DataFrame instance created from remote partitions.

Return type:

DataFrame

Example

import modin.pandas as pd
from modin.distributed.dataframe.pandas import unwrap_partitions, from_partitions
import numpy as np
data = np.random.randint(0, 100, size=(2 ** 10, 2 ** 8))
df = pd.DataFrame(data)
partitions = unwrap_partitions(df, axis=0, get_ip=True)
print(partitions)
new_df = from_partitions(partitions, axis=0)
print(new_df)

Ray engine

However, it is worth noting that for Modin on Ray engine with pandas backend IPs of the remote partitions may not match actual locations if the partitions are lower than 100 kB. Ray saves such objects (<= 100 kB, by default) in in-process store of the calling process (please, refer to Ray documentation for more information). We can’t get IPs for such objects while maintaining good performance. So, you should keep in mind this for unwrapping of the remote partitions with their IPs.
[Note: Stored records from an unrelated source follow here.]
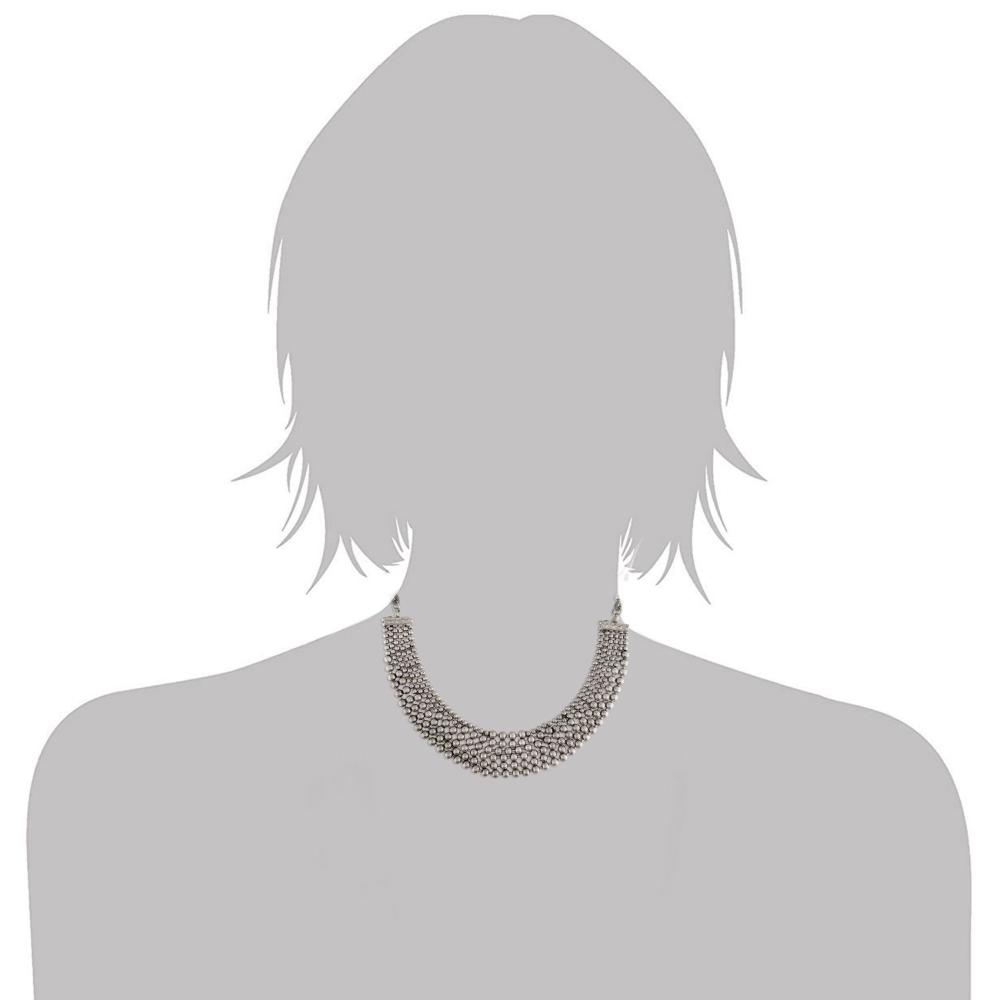 Etnico Ethnic Oxidized Plated Traditional Style Choker Necklace Jewellery Set for Women/Girls (MC086OX)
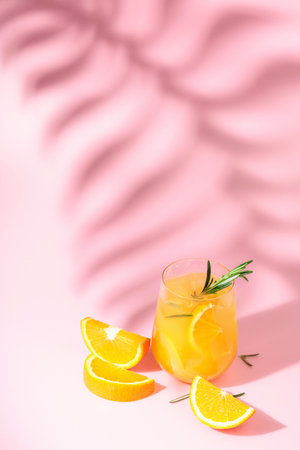 Summer cocktail with orange, rosemary, and ice. Drink on pink background with palm leaf shadow. Summer, tropical, fresh cocktail concept.の写真素材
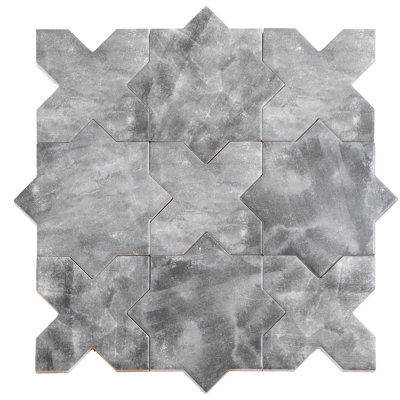 Siena Gray 5 in. Star with Cross Matte Ceramic Wall and Floor Tile (10.76 sq ft/case) 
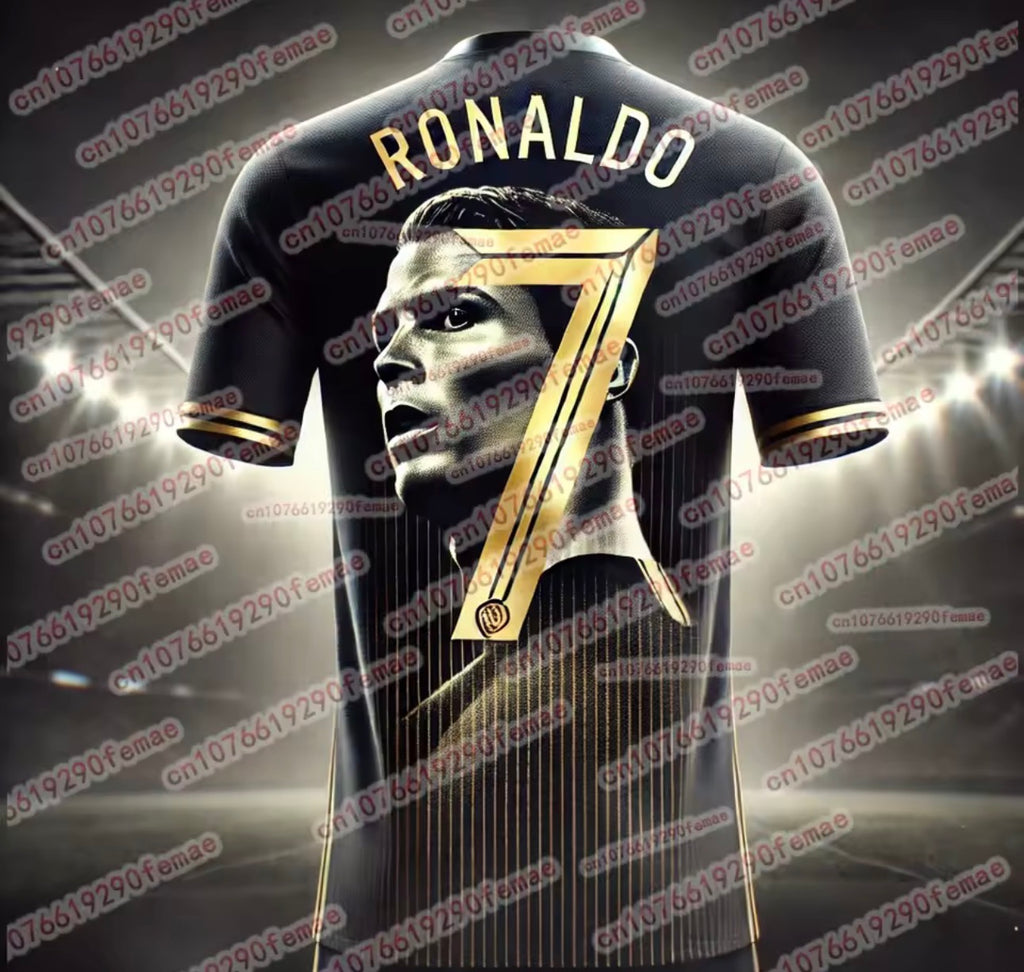 Premium Ronaldo Inspired Football Jersey – Black & Gold Edition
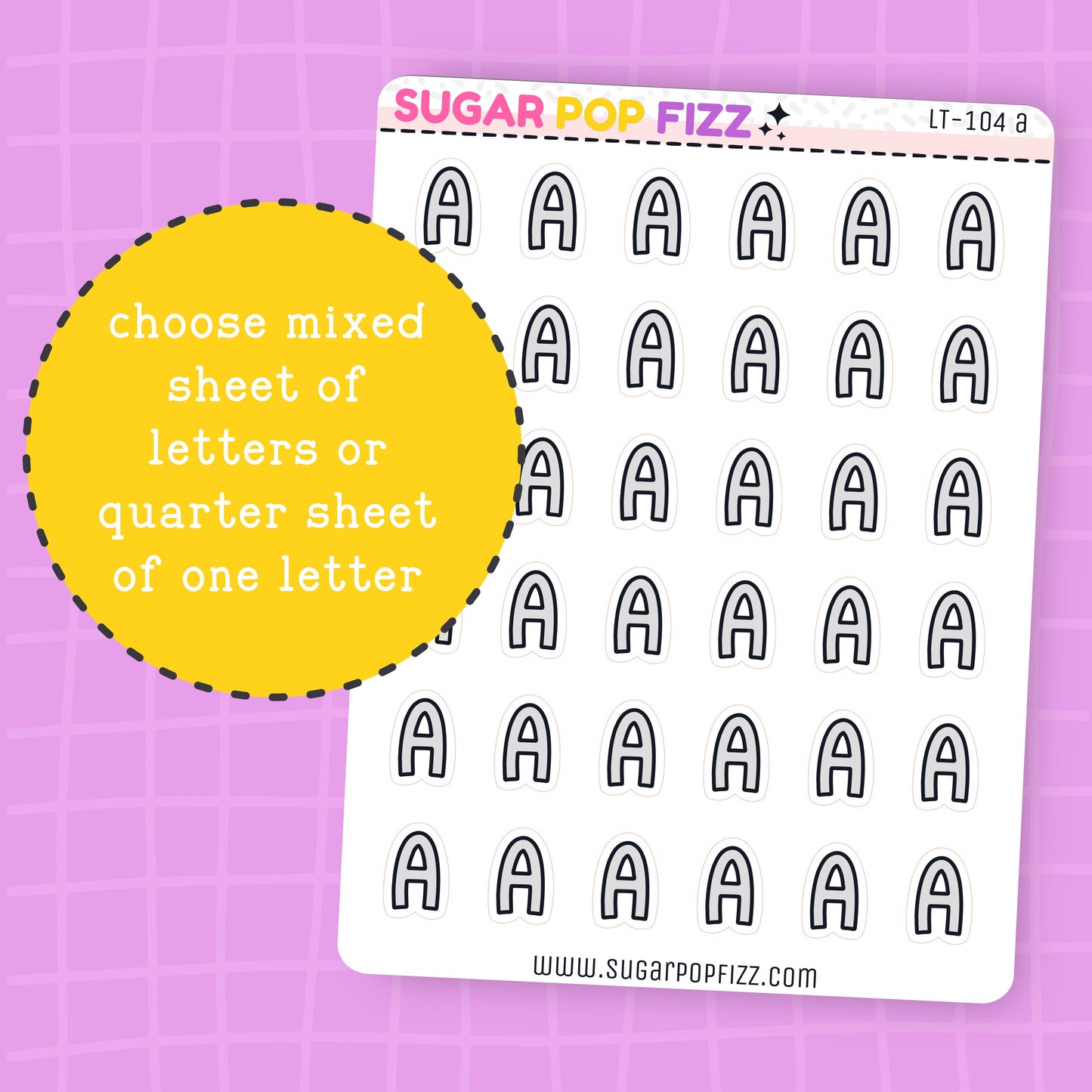 Sheet of letter 'A' stickers with branding on a purple grid background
Several options are provided to handle the case in How to handle Ray objects that are lower 100 kB section.

Dask engine

There is no mentioned above issue for Modin on Dask engine with pandas backend because Dask saves any objects in the worker process that processes a function (please, refer to Dask documentation for more information).

How to handle Ray objects that are lower than 100 kB

  • If you are sure that each of the remote partitions being unwrapped is higher than 100 kB, you can just import Modin or perform ray.init() manually.
  • If you don’t know partition sizes you can pass the option _system_config={"max_direct_call_object_size": <nbytes>,}, where nbytes is threshold for objects that will be stored in in-process store, to ray.init().
  • You can also start Ray as follows: ray start --head --system-config='{"max_direct_call_object_size":<nbytes>}'.

Note that when specifying the threshold the performance of some Modin operations may change.